*** Opening INFORMATION GIVEN ***

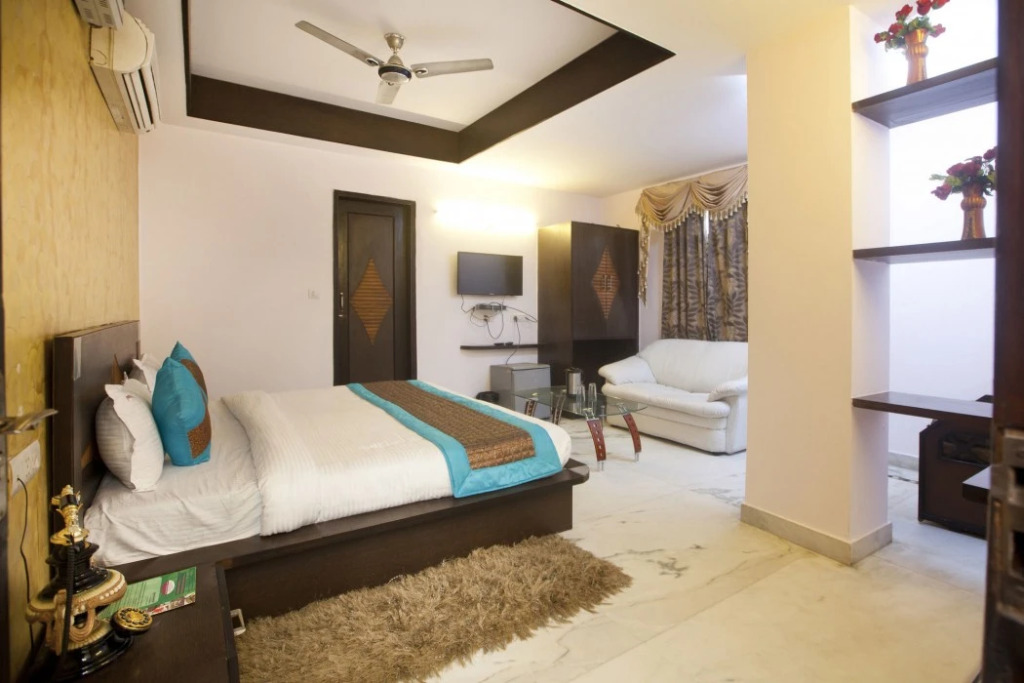Anand Hotel With banquet hall Karol Bagh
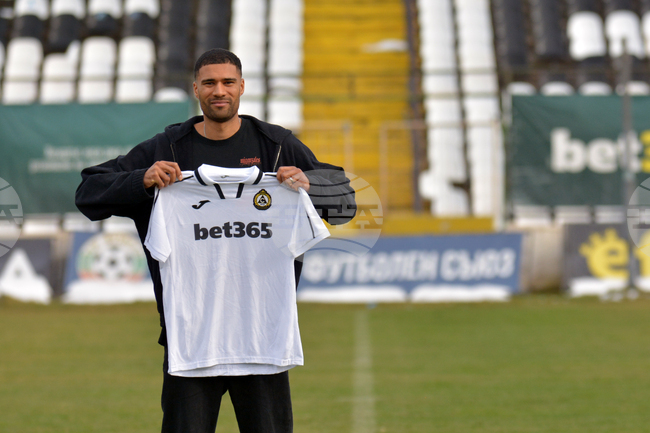 Славия привлече Дейвид Малембана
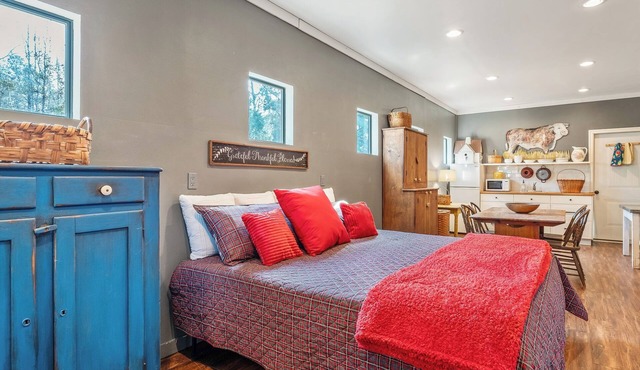 Great one room with mini kitchen, full bath, between Tyler and Jacksonville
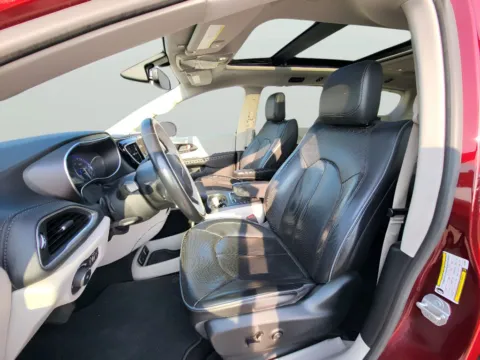 More photos of 2020 Chrysler Pacifica Limited at Dorsett Nissan, IN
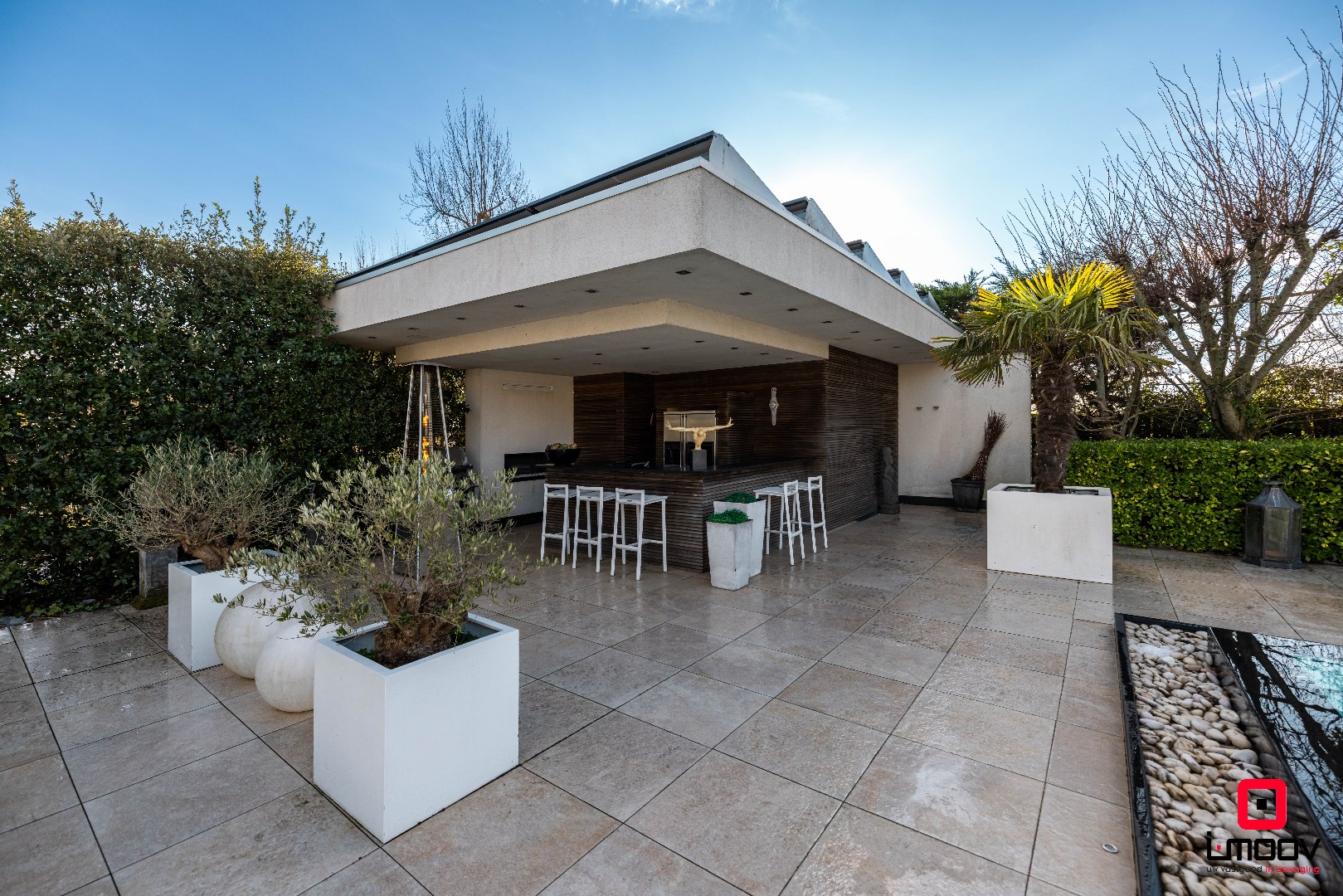 Exclusieve villa met infinity pool en resortgevoel op topligging in Mariakerke 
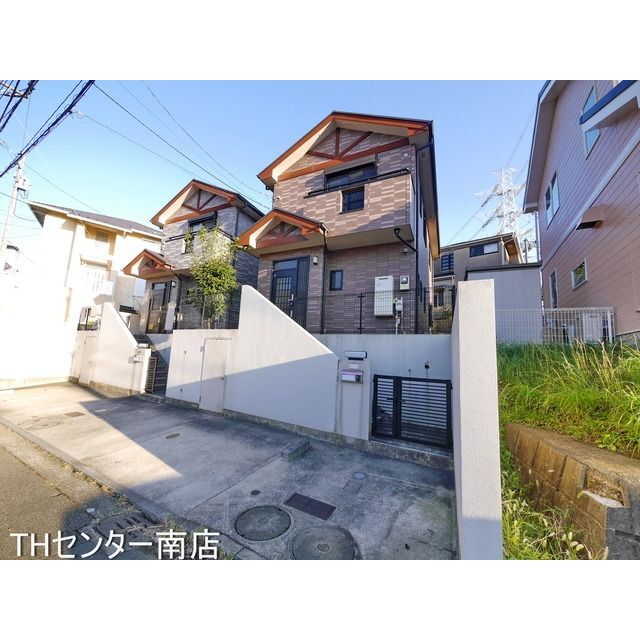 江田駅より徒歩9分 築23年3ヶ月 2階建の賃貸物件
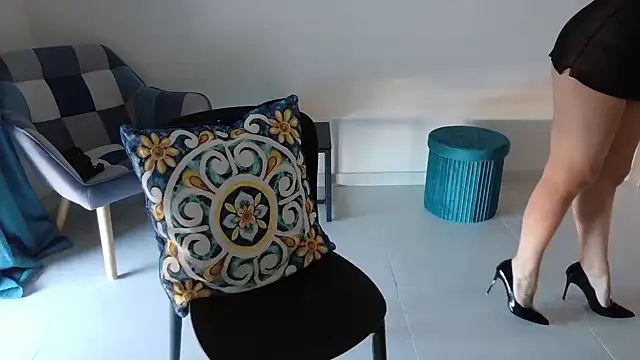 bambolina sexy1985 online show from April 6, 8:59 am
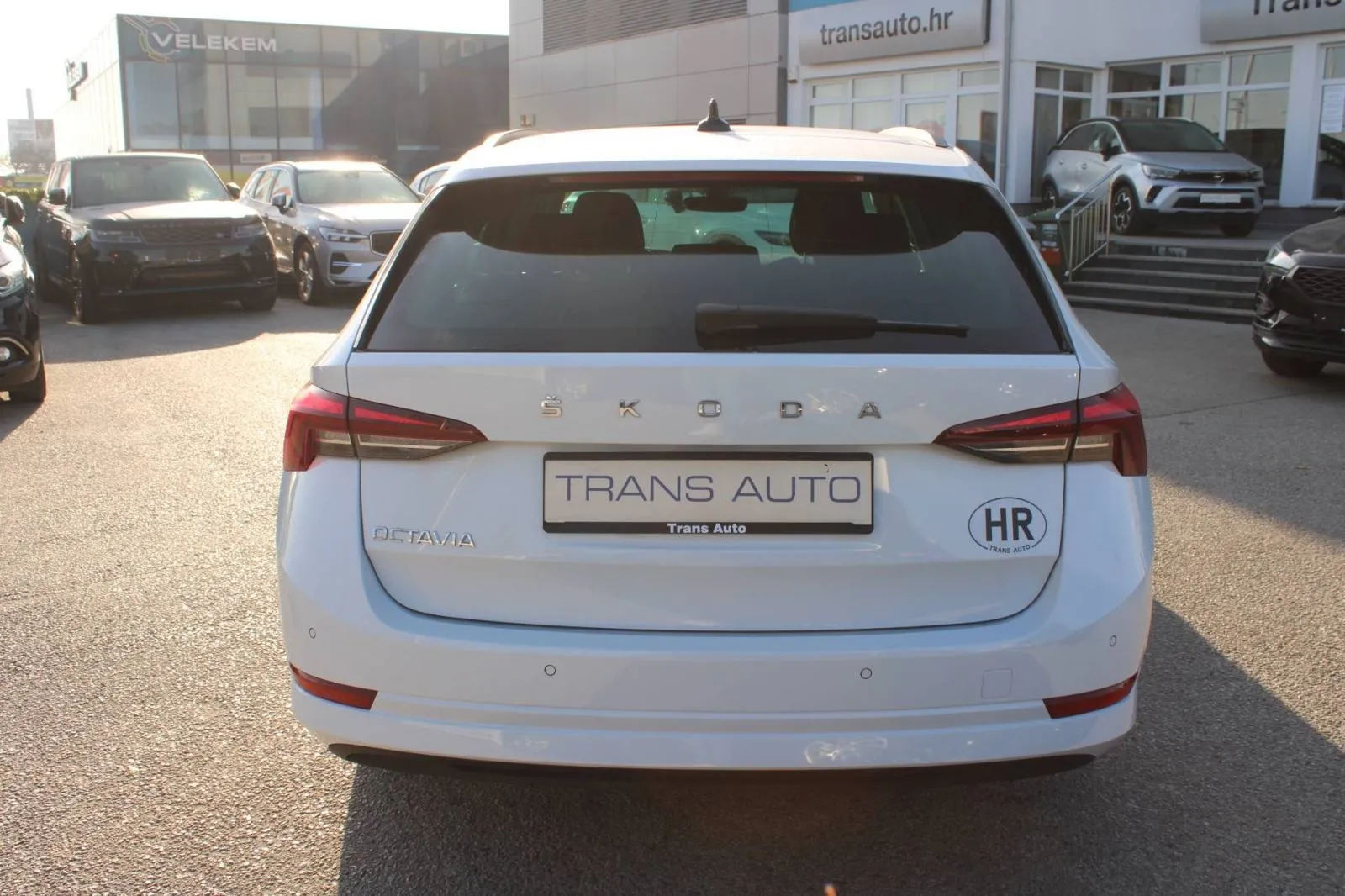 škoda octavia combi 2.0 tdi dsg *led, navigacija* - slika 6
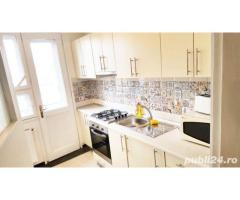 Apartament ultracentral cu vedere superbă, super investiție - Imagine 3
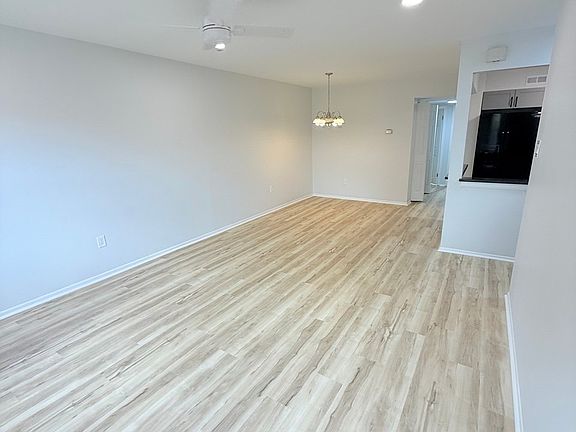 4th image of 12062 Abby Rd Floor 2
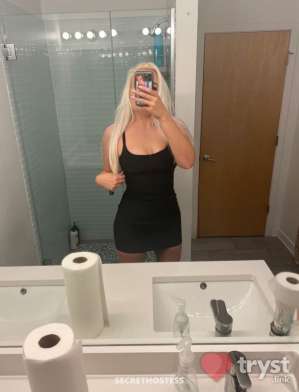 Annika - Your new favorite in Chicago IL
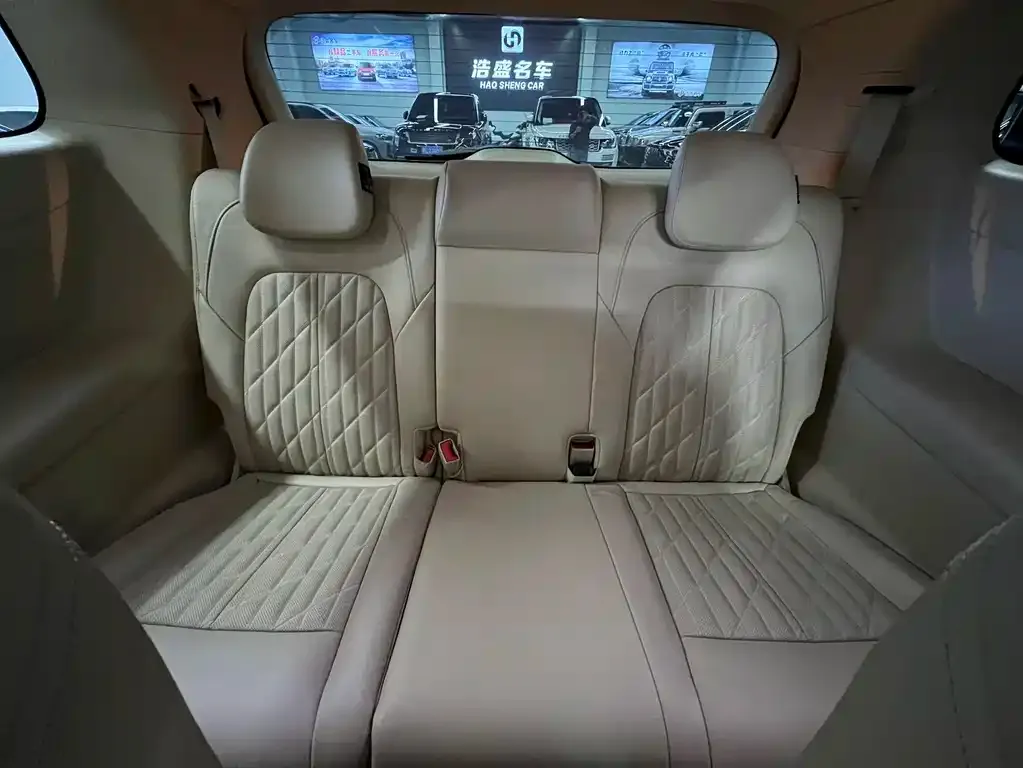 Buick GL8 2023 из CN, фото 10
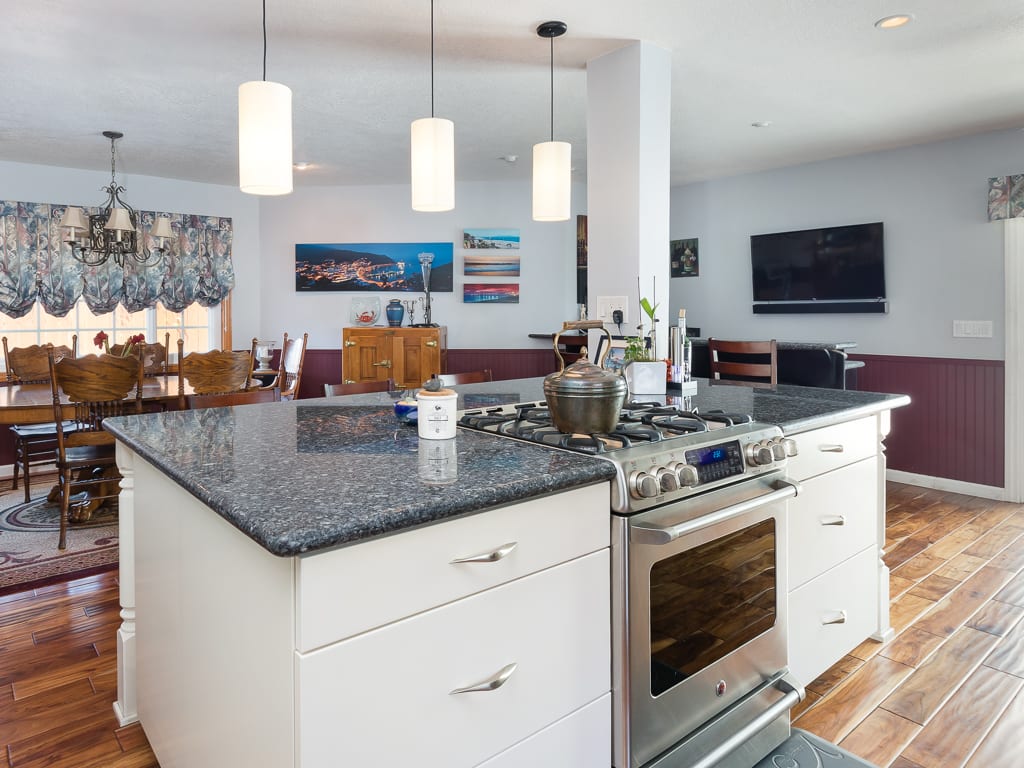 948 Loma Vista St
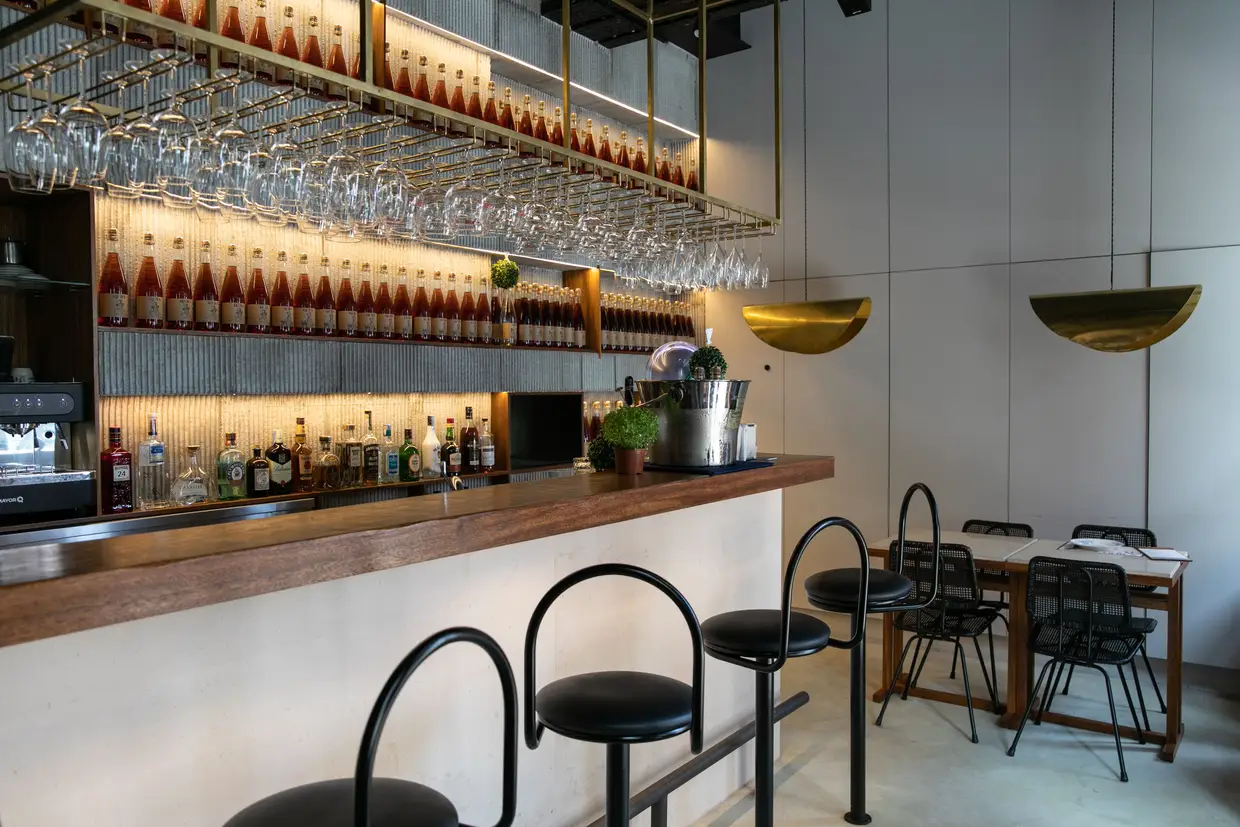 Com 25 lugares à mesa e seis ao balcão, a ocupar uma antiga tasca do bairro de Campo de Ourique, o Qura é um restaurante pequeno, pensado ao estilo das tabernas modernas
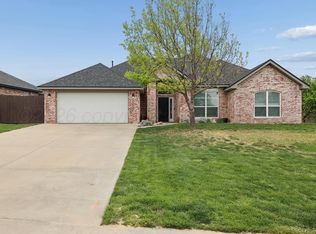 80 Country Club Dr, Canyon, TX 79015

*** Closing INFORMATION GIVEN ***

### THE PROBLEM
Output an exact copy of the lines from the one with "Com 25 lugares" through the closing line of the records, inclusive, without any images.

### SOLUTION
 Com 25 lugares à mesa e seis ao balcão, a ocupar uma antiga tasca do bairro de Campo de Ourique, o Qura é um restaurante pequeno, pensado ao estilo das tabernas modernas
 80 Country Club Dr, Canyon, TX 79015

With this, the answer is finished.